There are many other examples of cases when we need to store and retrieve (discover) some information related to the services we are working with.

In order to be able to locate our services we need at least the following two processes to be available for us.

Service registration process that will store, as a minimum, the host and the port service is running on.
Service discovery process that will allow others to be able to discover the information we stored during the registration process.

Besides those processes, we need to consider several other aspects. Should we unregister the service if it stops working and deploy/register a new instance? What happens when there are multiple copies of the same service? How do we balance the load among them? What happens if a server goes down? Those and many other questions are tightly related to the registration and discovery processes. For now, we’ll limit the scope only to the service discovery (common name that envelops both aforementioned processes) and the tools we might use for such a task. Most of them feature some kind of highly available distributed key/value storage.

Service discovery tools

The main objective of service discovery tools is to help services find and talk to one another.
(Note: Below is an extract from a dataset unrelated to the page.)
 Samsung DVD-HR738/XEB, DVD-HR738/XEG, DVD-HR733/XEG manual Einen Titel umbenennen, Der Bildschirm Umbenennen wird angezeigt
In order to perform their duty they need to know where each service is. The concept is not new and many tools existed long before Docker was born. However, containers brought the need for such tools to a completely new level.
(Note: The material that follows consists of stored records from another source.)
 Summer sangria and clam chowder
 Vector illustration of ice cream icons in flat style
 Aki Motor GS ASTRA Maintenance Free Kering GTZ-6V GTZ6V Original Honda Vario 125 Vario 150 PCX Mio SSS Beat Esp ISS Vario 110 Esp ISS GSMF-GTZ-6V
The basic idea behind service discovery is for each new instance of a service (or an application) to be able to identify its current environment and store that information. Storage itself is performed in a registry usually in key/value format. Since the discovery is often used in distributed system, registry needs to be scalable, fault tolerant and distributed among all nodes in the cluster. Primary usage of such a storage is to provide, as a minimum, IP and port of the service to all interested parties that might need to communicate with it. This data is often extended with other types of information.

Discovery tools tend to provide some kind of API that can be used by a service to register itself as well as by others to find the information about that service.

Let’s say that we have two services. One is a provider and the other one is its consumer. Once we deploy the provider we need to store its information to the service discovery registry of choice. Later on, when the consumer tries to access the provider, it would first query the registry and call the provider using the IP and port obtained from the registry. In order to decouple the provider from the specific implementation of the registry, we often employ some kind of proxy service. That way the consumer would always request information from the fixed address that would reside inside the proxy that, in turn, would use the discovery service to find out the provider information and redirect the request. We’ll go through reverse proxy later on in the book. For now it is important to understand the flow that is based on three actors; consumer, proxy and provider.

What we are looking for in the service discovery tools is data. As a minimum we should be able to find out where the service is, whether it is healthy and available and what is its configuration. Since we are building a distributed system with multiple servers, the tool needs to be robust and failure of one node should not jeopardize data. Also, each of the nodes should have exactly the same data replica. Further on, we want to be able to start services in any order, be able to destroy them or replace them with newer versions. We should also be able to reconfigure our services and see the data change accordingly.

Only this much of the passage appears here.